Выбрать главу

На английском языке он стал писать в тридцать девятом году, а в сороковом он переселился в Соединенные Штаты.

Только что законченный труд Владимира Набокова на английском языке о «Евгении Онегине» является монументальным вкладом в науку о Пушкине. Ни на одном языке, включая русский, не существует такого исчерпывающего исследования «Евгения Онегина» хотя бы из-за того, что каждая строфа разбирается в примечаниях с точки зрения формы и содержания. А строф, как известно, в каждой из восьми глав около сорока пяти, не считая многочисленных вариантов и выпущенных Пушкиным строф.

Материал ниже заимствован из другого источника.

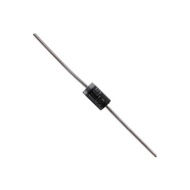Diode 1n5408 1n5408 5408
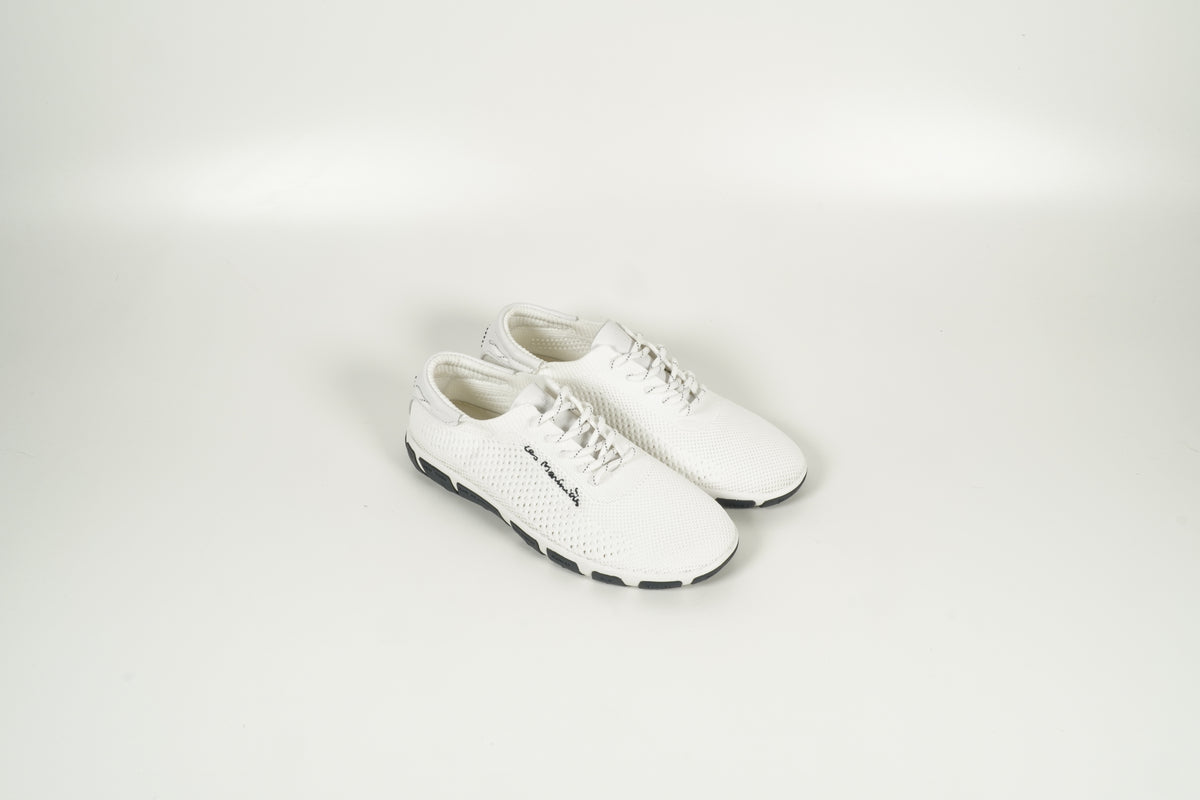 Sneaker White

В труде Набокова Пушкин рассматривается в свете сравнительного литературоведения как европейский писатель, а не как исключительно русский. Как европейский писатель Пушкин был подвержен всем влияниям французского восемнадцатого века и раннего девятнадцатого, которые были характерны для его современников.

Поэтому и получается, что «Евгений Онегин», как выразился Владимир Набоков, «обилен всякими параллелизмами, звучащими иногда как пародия, а иногда как благодушный плагиат». Комментарий Набокова дает текстуальные и фактические сведения, как, например, техника пистолетной дуэли или история переводов Байрона на французский язык, которыми питались русские романтики, а также подробности быта пушкинских времен.

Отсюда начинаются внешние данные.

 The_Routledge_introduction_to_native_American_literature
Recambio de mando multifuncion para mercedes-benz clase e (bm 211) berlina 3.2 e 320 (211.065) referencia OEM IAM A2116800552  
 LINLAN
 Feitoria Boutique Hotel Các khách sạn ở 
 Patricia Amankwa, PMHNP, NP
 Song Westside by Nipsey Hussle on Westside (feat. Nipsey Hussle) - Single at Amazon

Но перейдем к интервью с маститым автором, которое, как мы упоминали раньше, происходит у него в доме в Итаке.

Зная, как вы заняты, Владимир Владимирович, вашей творческой и педагогической деятельностью, хочу вас поблагодарить, что вы нашли время для интервью. Думается, что следовало бы сперва разрешить один вопрос: будет ли мое интервью происходить с русским писателем Владимиром Сириным или же с известным, американским писателем Владимиром Набоковым?

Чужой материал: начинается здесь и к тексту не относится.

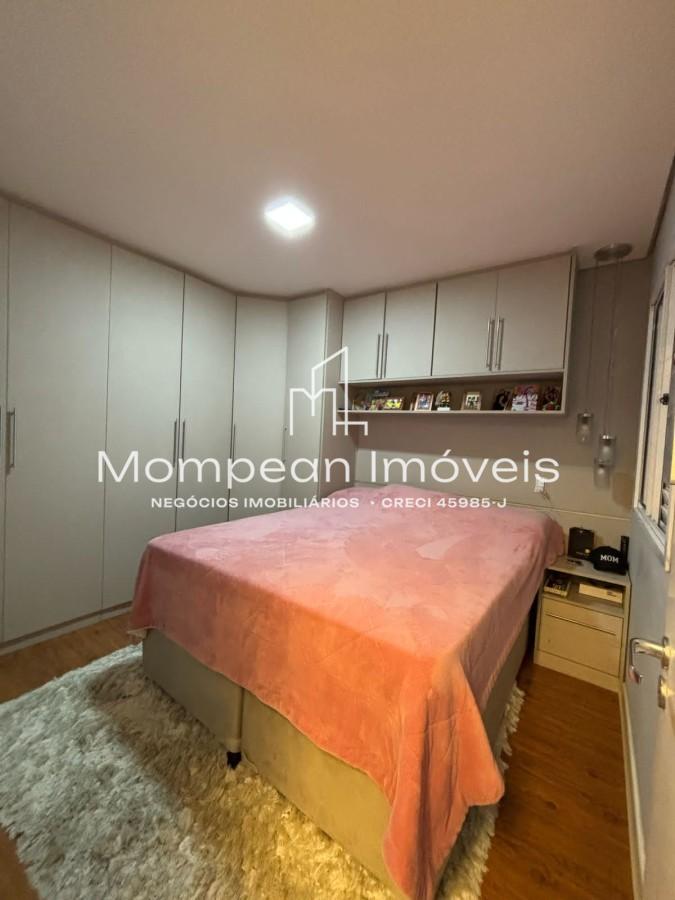 Apartamento, 3 quartos, 72 m² - Foto 14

Не смущайтесь присутствием этой сборной команды: тут, конечно, есть и Набоков, и Сирин, и еще кое-кто. Американский Набоков, в общем, продолжает дело русского Сирина. Хотя с сорокового года я стал писать романы только на английском языке за подписью «Набоков», мой псевдоним «Сирин» еще мелькает там и сям, как придаток к моей фамилии под моими русскими произведениями — стихами, статьями.

Вы ведь знаете английский язык в совершенстве. Американская критика постоянно отмечает исключительное богатство, идиоматичность и своеобразие вашего английского стиля.

Английский язык я знаю с детства. В восемнадцатом году, покинув Россию, я поступил в Кембриджский университет в Англии и окончил его в 1922 году.

Только что в Америке вышел ваш перевод «Героя нашего времени» Лермонтова{68}. На обложке книги сказано, что с переводом вам помогал ваш сын.

Да, часть перевода сделана моим сыном Дмитрием, недавно кончившим Гарвардский университет и свободно владеющим обоими языками.

А что, ваш сын собирается пойти по вашим стопам и быть писателем?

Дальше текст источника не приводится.